Laura rêve du Prince Charmant. Elle croit aux signes, au destin, aux voyantes. Ses parents vivent dans un chateau. Un jour le Prince lui apparaît en la personne de Sandro, compositeur bègue discret et maladroit. Autour des deux tourtereaux que des événements hostiles vont contrarier, gravite tout un ensemble de personnages plus ou moins proches des contes de l'enfance. Une marraine extravagante qui rêve d'indépendance, de devenir comédienne et organise en attendant mieux des spectacles pour enfants, un grand méchant loup charismatique, froid et manipulateur, une femme qui refuse de vieillir, interroge régulièrement son miroir et multiplie les interventions de chirurgie esthétique, et puis des amis, des parents, des maris, des femmes, des amants...
Bacri et Jaoui de retour au scenario et aux dialogues, c'est une excellente nouvelle et le résultat est à la mesure des espérances. D'autant qu'Agnès Jaoui à la réalisation multiplie les trouvailles de casting (Benjamin Biolay en Wolf, c'est idéal), de mise en scène et filme un Paris idyllique de conte de fées et parsème son film de références jusque dans les enseignes de magasins, le nom des personnages. L'histoire des amoureux est charmante et drôle. Ils se rencontrent au Bal des Princes et non au Bal des Débutantes. Et c'est davantage la fille, plus entreprenante, plus sûre de son pouvoir qui fait office de Prince Charmant. En périphérie de leur histoire évoluent une amie discrète, délaissée et amoureuse en cachette, un ami trahi, digne et généreux. Et en père du Prince Charmant, un homme qui ne voulait pas d'enfant, qui ne croit en rien et va finalement s'affaiblir, troublé par la prédiction d'une voyante 40 ans plus tôt qui lui avait annoncé la date de sa mort...

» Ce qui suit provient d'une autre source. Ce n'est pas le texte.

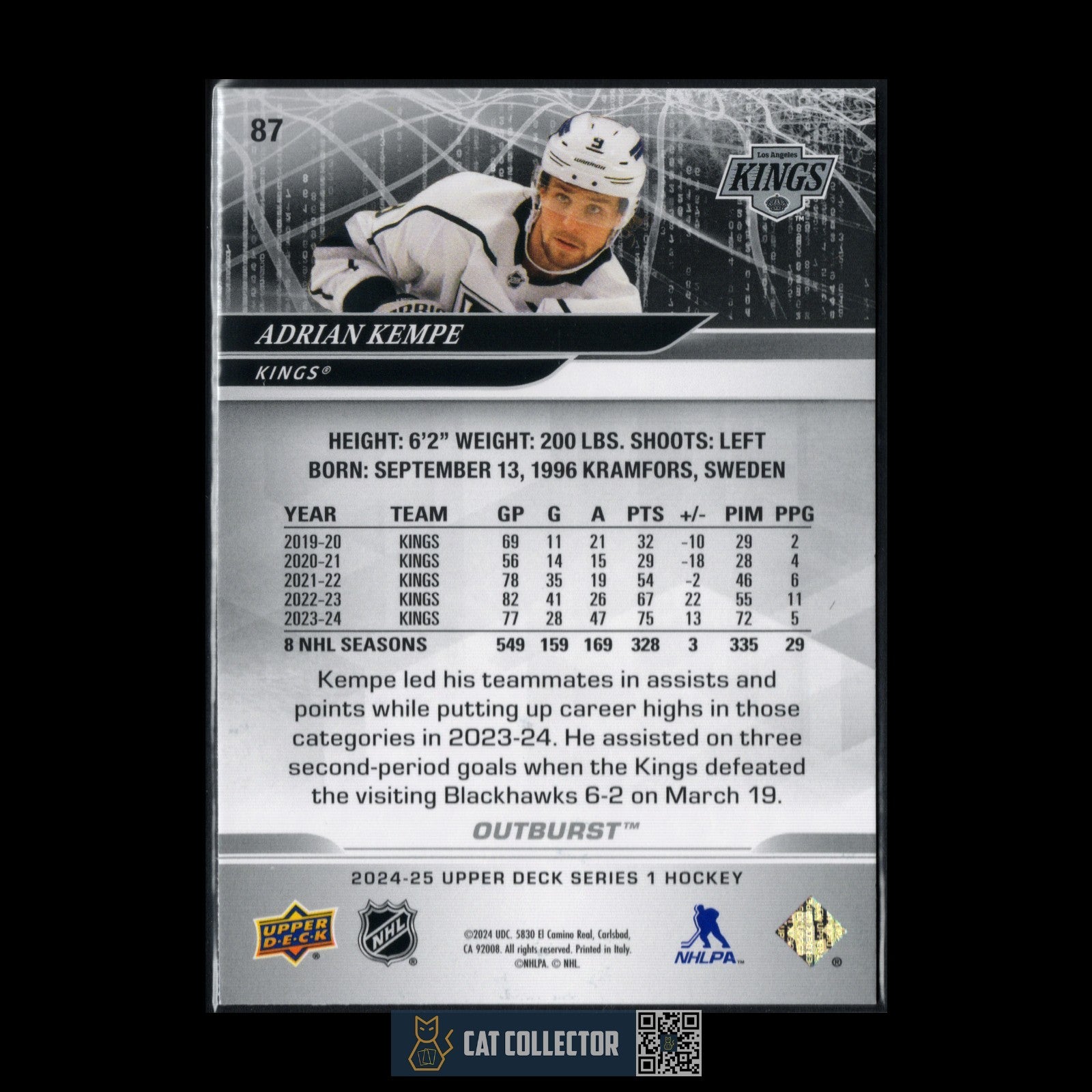 2024-25 Upper Deck Series 1 ADRIAN KEMPE #87 Outburst - Los Angeles Kings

Et là, nous assistons à un festival Jean-Pierre Bacri, Jean-Pierre chez le psy, Jean-Pierre et les femmes, Jean-Pierre et les enfants, Jean-Pierre aux fiançailles de son fils, Jean-Pierre moniteur d'auto-école... Les tirades et répliques de cet acteur génial devraient être cultes. Son éloge de la solitude "pas de négociation, pas de bruit", sa façon de jeter un os à une petite fille pour qu'elle lui rapporte "les enfants c'est chiant, vus à plat", sont de grands moments. Et finalement, (attention spoilage... clic gauche sur la souris pour visualiser) Jean-Pierre qui fond en larmes dans les bras de son fils...
Jaoui et Bacri, plus tout jeunes, ratissent large et visent juste. Le rôle des parents, leur place, leur disparition, la place des enfants, les relations des uns avec les autres, la peur de vieillir, de mourir, une vision un peu sombre de l'amour "la fidélité n'est qu'un mot", le tout enrobé d'infiniment de douceur et d'une mélancolie nouvelle. Pas de cynisme, pas de noirceur absolue, juste la vie qui va ! Un beau film avec de beaux acteurs aimés par leur réalisatrice.
Agathe Bonitzer, Nina Meurisse, jeunes femmes, jeunes actrices sont parfaites.